I have posted in a different thread (don't have time to search for it at the moment) pics of my Pan Europ on a straight-end mesh bracelet. The key is that the end tube walls must be thin enough so that they don't press against the case when you try to mount the bracelet. If the wall thickness is too great, you won't be able to mount the bracelet because of the case interference, but if the wall is thin enough it definitely will fit without a problem.

EDIT: I found the link to my previous discussion about bracelets for the Pan Europ and the pic to a straight-end bracelet mounted on it. The pic is in post #5.

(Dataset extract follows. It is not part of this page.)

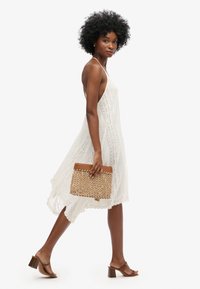 Weißes Spitzenkleid mit lockerer Passform, knielangem Saum und dünnen Trägern. Das Model hält eine tanfarbene gewebte Clutch. Braune Blockabsatzsandalen.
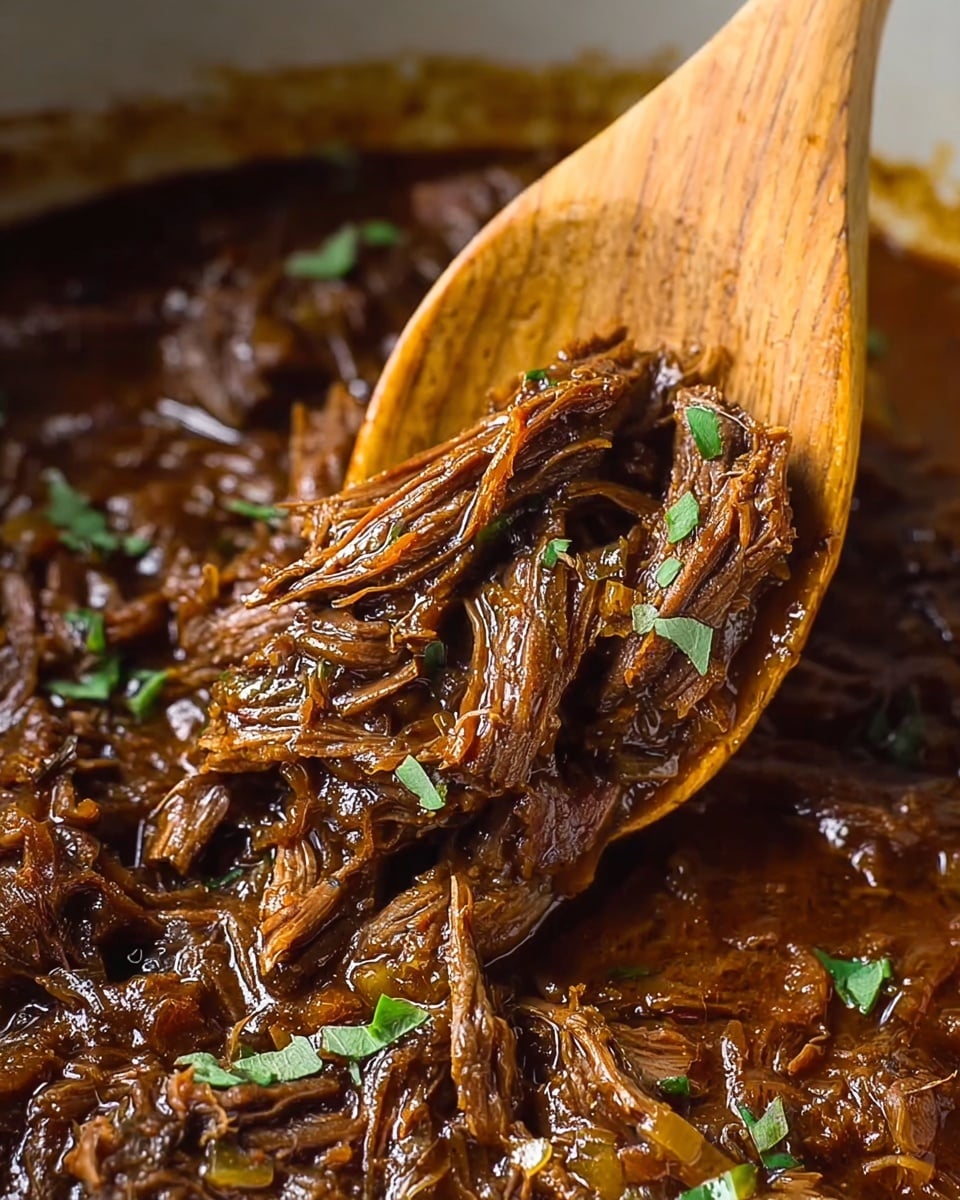 The image shows a close-up of shredded beef cooked in a rich, dark brown sauce with visible pieces of soft onion mixed in. The beef looks tender and juicy with a fibrous texture, and small green herb leaves are scattered on top, adding a fresh color contrast. The beef and sauce fill the background with a glossy, thick liquid layer, while a wooden spoon holds a scoop of the meat above the rest. The photo is focused on the beef’s fibrous and moist texture with bright lighting that enhances the glossy sauce. The background is a white marbled texture. photo taken with an iphone --ar 4:5 --v 7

https://www.watchuseek.com/f357/pan...please-3452274.html#/topics/3452274?_k=qjgisg


----------



## cottonlume (Sep 2, 2016)

Great watch great band


----------



## d-bass11 (Mar 6, 2015)

The mesh looks great! I recently put a Vollmer on my Baume and I love it. I never thought I would like a mesh band, but find myself gravitating toward them much more recently. The curved end really makes it perfect for the Pan Europ. If you had the polished metal brushed to match the watch, I think it would be perfect. I am really impressed.


----------



## ErikP (Jan 27, 2011)

I have the non-special edition pan europ (black face). I really love it but the your special edition is way cooler.


----------



## chefmateo (Mar 31, 2015)

Zulu


----------



## chefmateo (Mar 31, 2015)

Watchgecko sells a two pc Zulu strap in canvas that works great & utilizes the stock spring bars. I've also used a B&R bands hook & loop Bond NATO that completely changes the look of the watch & works well also. I've since traded my Hammy..but the strap dilemma almost forced me to dump it much earlier. I'd definitely keep the blue model though..what a stunner!


----------



## H-perry (Aug 20, 2016)

Charming piece.

Cheers!


----------



## ErikP (Jan 27, 2011)

chefmateo said:


> Watchgecko sells a two pc Zulu strap in canvas that works great & utilizes the stock spring bars. I've also used a B&R bands hook & loop Bond NATO that completely changes the look of the watch & works well also. I've since traded my Hammy..but the strap dilemma almost forced me to dump it much earlier. I'd definitely keep the blue model though..what a stunner!
> View attachment 11897306


Looksnice on that strap, I know that strap choice is more limited due to the curved end needs but they are available so I wouldn't let that discourage me i was a potential buyer.


----------



## ShadOsman (Jan 3, 2016)

Great fitment!


----------